### SUPPLIED ENTRIES
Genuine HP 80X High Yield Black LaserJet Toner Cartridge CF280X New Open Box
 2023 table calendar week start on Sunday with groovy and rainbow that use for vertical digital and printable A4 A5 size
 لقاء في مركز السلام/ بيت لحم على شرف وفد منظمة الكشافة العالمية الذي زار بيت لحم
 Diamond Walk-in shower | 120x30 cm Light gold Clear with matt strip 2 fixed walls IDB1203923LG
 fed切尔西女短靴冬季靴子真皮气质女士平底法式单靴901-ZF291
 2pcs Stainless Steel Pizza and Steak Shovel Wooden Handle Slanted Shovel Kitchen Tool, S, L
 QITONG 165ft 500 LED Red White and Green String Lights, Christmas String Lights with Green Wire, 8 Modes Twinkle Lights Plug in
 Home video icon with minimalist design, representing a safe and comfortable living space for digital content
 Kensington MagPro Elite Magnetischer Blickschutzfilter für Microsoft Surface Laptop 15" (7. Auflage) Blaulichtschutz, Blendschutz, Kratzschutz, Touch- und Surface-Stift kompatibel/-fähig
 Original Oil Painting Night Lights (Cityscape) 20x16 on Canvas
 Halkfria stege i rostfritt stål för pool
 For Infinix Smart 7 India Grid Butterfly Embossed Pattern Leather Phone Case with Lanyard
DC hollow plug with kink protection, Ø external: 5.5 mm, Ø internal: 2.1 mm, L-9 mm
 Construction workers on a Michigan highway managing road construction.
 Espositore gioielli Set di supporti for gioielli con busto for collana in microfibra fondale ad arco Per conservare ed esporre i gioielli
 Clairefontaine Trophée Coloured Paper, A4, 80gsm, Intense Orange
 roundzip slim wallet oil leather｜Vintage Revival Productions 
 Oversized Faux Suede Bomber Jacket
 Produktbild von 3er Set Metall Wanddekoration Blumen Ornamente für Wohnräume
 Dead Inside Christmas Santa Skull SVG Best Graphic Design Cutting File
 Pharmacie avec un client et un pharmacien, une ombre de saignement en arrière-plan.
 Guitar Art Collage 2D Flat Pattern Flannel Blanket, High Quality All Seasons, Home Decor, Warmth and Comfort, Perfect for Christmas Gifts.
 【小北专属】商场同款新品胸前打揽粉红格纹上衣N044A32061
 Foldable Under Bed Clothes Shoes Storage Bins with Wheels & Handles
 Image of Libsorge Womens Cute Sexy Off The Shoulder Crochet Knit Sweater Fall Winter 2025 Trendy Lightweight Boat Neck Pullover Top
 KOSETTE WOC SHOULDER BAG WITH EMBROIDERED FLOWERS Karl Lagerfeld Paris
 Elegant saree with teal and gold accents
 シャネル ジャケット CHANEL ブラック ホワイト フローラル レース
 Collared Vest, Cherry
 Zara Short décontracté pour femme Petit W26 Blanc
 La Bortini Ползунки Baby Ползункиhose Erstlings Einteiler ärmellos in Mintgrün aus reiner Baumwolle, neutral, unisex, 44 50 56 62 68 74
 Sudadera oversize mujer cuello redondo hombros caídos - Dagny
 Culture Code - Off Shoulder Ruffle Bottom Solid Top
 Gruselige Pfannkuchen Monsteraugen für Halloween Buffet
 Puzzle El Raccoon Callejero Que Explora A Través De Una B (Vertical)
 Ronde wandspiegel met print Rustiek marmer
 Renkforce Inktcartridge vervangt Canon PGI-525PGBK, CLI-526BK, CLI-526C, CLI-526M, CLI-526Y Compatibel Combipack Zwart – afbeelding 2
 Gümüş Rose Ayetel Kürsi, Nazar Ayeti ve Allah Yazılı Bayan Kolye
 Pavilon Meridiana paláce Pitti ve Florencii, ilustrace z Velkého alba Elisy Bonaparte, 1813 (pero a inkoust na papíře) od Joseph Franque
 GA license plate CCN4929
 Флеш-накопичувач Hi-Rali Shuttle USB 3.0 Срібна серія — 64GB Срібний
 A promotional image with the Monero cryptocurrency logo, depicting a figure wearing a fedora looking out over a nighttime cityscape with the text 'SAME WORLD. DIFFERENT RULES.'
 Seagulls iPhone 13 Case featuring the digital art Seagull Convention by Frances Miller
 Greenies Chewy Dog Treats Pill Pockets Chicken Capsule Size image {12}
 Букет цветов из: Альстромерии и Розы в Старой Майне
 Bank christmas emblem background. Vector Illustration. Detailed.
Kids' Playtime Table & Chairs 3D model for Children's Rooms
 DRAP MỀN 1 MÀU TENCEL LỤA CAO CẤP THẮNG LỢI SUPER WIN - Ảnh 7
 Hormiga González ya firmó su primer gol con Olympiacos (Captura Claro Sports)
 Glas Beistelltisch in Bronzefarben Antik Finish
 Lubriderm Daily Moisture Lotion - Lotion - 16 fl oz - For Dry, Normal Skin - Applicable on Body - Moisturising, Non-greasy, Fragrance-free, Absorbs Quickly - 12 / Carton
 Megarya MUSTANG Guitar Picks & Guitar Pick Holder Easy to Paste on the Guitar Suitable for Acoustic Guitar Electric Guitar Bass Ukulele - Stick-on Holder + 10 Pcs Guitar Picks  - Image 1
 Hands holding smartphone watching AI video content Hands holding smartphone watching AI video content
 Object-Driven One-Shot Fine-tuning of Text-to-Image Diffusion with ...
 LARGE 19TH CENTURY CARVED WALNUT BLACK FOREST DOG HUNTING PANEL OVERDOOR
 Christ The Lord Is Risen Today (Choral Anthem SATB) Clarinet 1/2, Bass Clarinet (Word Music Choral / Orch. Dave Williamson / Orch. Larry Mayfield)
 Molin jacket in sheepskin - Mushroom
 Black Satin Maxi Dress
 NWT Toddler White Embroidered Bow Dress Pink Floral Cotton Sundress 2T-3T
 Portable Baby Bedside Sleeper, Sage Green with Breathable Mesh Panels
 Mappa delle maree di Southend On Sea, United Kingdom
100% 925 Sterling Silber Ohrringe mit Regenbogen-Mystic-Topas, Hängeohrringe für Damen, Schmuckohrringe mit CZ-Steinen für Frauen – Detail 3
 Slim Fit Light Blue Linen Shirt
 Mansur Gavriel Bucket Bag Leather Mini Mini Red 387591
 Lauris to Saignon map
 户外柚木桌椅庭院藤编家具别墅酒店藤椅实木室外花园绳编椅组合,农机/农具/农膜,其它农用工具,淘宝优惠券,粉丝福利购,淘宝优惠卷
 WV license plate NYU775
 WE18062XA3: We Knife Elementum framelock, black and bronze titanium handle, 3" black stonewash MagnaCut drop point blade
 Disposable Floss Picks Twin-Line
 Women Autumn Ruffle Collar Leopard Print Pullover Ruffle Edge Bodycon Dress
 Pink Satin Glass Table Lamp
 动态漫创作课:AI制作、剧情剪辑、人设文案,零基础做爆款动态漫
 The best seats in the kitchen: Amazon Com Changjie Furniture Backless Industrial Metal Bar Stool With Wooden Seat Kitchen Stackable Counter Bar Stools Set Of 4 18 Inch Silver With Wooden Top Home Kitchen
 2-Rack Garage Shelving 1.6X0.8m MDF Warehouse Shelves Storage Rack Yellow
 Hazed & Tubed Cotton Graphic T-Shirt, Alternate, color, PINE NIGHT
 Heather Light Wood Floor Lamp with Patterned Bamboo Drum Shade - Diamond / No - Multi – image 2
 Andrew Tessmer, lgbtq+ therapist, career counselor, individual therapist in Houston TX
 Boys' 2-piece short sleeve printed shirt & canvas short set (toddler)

### WHAT THE TASK REQUIRES
Taking the entries above, print exactly the lines starting at the line with "Renkforce Inktcartridge vervangt" and ending at the line with "Greenies Chewy Dog", both included.

### OUTPUT OF THE TASK
 Renkforce Inktcartridge vervangt Canon PGI-525PGBK, CLI-526BK, CLI-526C, CLI-526M, CLI-526Y Compatibel Combipack Zwart – afbeelding 2
 Gümüş Rose Ayetel Kürsi, Nazar Ayeti ve Allah Yazılı Bayan Kolye
 Pavilon Meridiana paláce Pitti ve Florencii, ilustrace z Velkého alba Elisy Bonaparte, 1813 (pero a inkoust na papíře) od Joseph Franque
 GA license plate CCN4929
 Флеш-накопичувач Hi-Rali Shuttle USB 3.0 Срібна серія — 64GB Срібний
 A promotional image with the Monero cryptocurrency logo, depicting a figure wearing a fedora looking out over a nighttime cityscape with the text 'SAME WORLD. DIFFERENT RULES.'
 Seagulls iPhone 13 Case featuring the digital art Seagull Convention by Frances Miller
 Greenies Chewy Dog Treats Pill Pockets Chicken Capsule Size image {12}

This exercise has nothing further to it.